Travma ve Sosyal İzolasyon
Bireylerde travmaya bağlı olarak gelişen davranış ve duygular zamanla bireyin sosyal olarak kendini izole etmesine sebebiyet verebilir. Travma kaynaklı geliştirilen kaygı ve korkular, asabi ve saldırgan tavırlar, travmayı hatırlatan ortam ve durumlardan kaçınma gibi duygu ve davranışlar bireylerin çevrelerinden uzaklaşmasına sebep olur. Sağlıklı bireyler sosyal olarak insanlarla etkileşim içerisinde olma ihtiyacı duyarlar. Bu ihtiyaçtan mahrum kalan bireylerin yukarıda bahsedilen depresyon, kaygı, madde kötüye kullanımı gibi psikopatolojiler geliştirme ihtimali artar.
Sonuç
Travmalar, bireylerin işlevselliğini önemli ölçüde etkiler. TSSB, kaygı, depresyon ve madde kötüye kullanımı gibi psikopatolojilerin yanında bunların görülme oranını arttıran sosyal izolasyona da sebebiyet verebilir. Özellikle coğrafyamızda sel, deprem, orman yangınları gibi doğal afetlerin sıkça görülmesi ve bu gibi olaylara bireylerin bizzat maruz kalmasının yanı sıra yakınlarının da maruz kalmasıyla yukarıda bahsedilen davranış ve duygulanım problemlerine sebep olabilir.

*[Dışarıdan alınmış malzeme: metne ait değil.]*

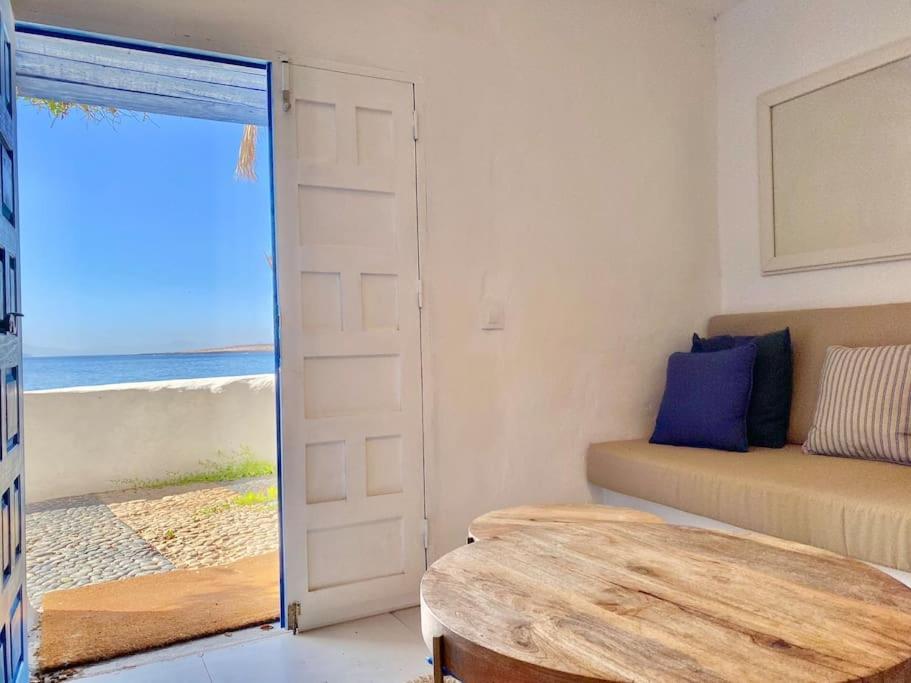 Villa Ocean View Pedro Barba Exteriér fotografie
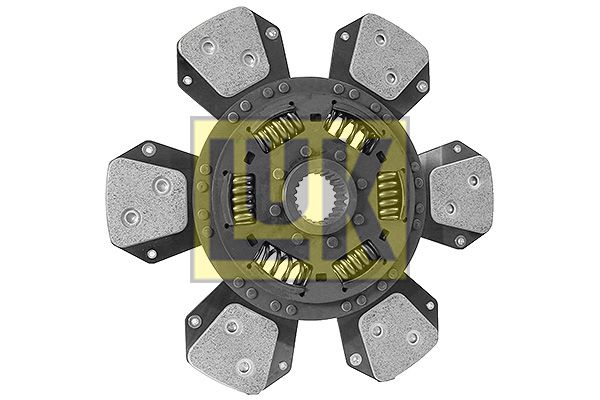 DISQUE EMBRAYAGE AGRICOLE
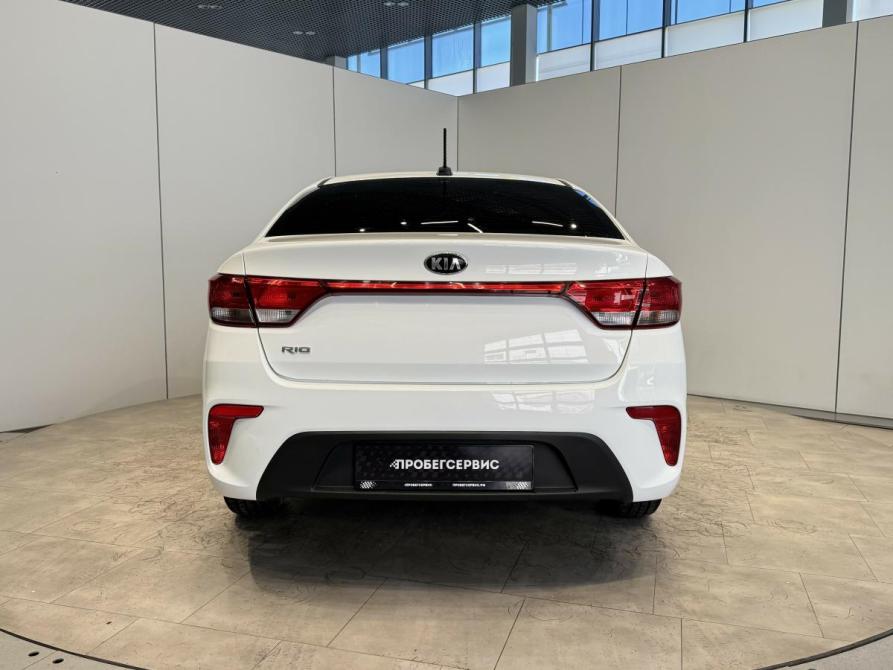 Kia Rio IV Волжский  - изображение 4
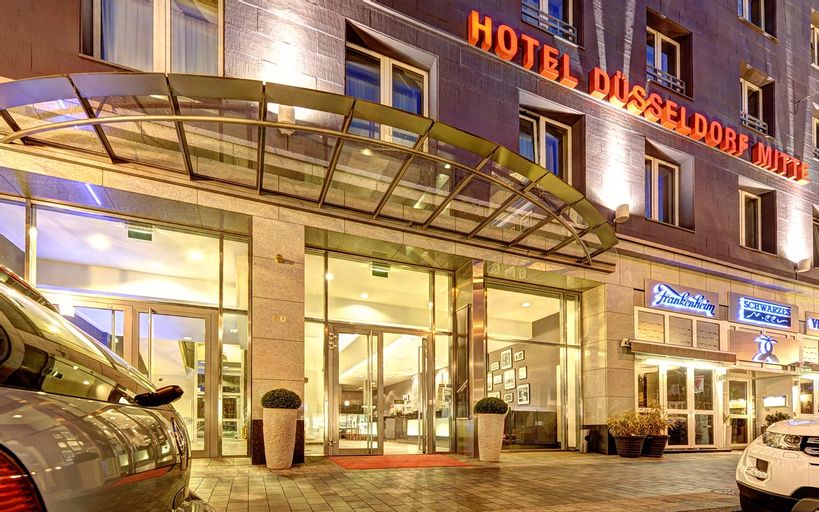 Hotel Düsseldorf Mitte, Düsseldorf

Bunların yanı sıra dünya üzerinde sıkça görülen ölüm tehdidi, kayıp veya bedensel bütünlüğe zarar veren yaralayıcı olaylar da travmatik olarak değerlendirilebilecek olaylar arasındadır. Travmaların bireylerin işlevselliğini önemli ölçüde etkilemesi ve bahsedilen durumlara sebebiyet vermesi uzman yardımını gerektirmektedir.
Kaynakça
Karaman, Ö., & Tarım, B. (2018). Travma Sonrası Büyüme, Sosyal Problem Çözme ve İyimserlik Arasındaki İlişkilerin İncelenmesi. Dicle Üniversitesi Sosyal Bilimler Enstitüsü Dergisi, 190-198.
Savi Çakar, F. (2019). Yaşam Dönemleri ve Uyum Sorunları. Ankara: Pegem Akademi.
Serim Yıldız, B., & Özgülük Üçok, B. (2022). Çocuklarla ve Ergenlerle Psikolojik Danışma Uygulamaları. Ankara: Noben Yayıncılık.
Türel, F. İ., Öztürk, E., & Çalıcı, C. (2018). Bireyden Topluma Travma ve Şiddet: Bireysel ve Toplumsal Şiddet Olaylarına Psikotarihsel Bir Yaklaşım. Bartın Üniversitesi Edebiyat Fakültesi Dergisi, 3-10.